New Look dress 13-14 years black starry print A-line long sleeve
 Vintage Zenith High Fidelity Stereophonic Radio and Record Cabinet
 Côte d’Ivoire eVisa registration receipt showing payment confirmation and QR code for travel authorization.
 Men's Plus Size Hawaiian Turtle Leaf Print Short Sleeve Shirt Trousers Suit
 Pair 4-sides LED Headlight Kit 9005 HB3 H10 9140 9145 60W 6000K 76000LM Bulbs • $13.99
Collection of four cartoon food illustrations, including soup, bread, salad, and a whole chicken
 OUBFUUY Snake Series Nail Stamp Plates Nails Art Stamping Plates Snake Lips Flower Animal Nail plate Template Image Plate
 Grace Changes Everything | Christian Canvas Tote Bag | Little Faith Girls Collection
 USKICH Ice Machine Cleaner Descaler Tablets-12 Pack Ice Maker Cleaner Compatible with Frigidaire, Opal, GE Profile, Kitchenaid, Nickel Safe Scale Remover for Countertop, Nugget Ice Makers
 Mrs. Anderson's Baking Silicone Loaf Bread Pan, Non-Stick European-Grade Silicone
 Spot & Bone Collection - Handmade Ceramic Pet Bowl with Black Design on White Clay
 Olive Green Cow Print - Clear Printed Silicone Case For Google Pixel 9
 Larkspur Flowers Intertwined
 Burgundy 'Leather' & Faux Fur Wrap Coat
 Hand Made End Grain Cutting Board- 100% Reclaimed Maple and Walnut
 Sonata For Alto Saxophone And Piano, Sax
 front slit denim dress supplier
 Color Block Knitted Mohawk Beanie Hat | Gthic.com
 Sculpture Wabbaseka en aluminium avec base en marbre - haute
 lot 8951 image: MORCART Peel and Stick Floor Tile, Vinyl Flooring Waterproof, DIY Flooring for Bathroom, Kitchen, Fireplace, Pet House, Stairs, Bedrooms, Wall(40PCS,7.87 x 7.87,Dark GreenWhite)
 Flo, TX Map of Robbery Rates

■ **REQUIRED ACTION**
Find every line of the data above that holds the word "Collection", then state how many there are and nothing else.

■ **RESULT FOR THIS TASK**
3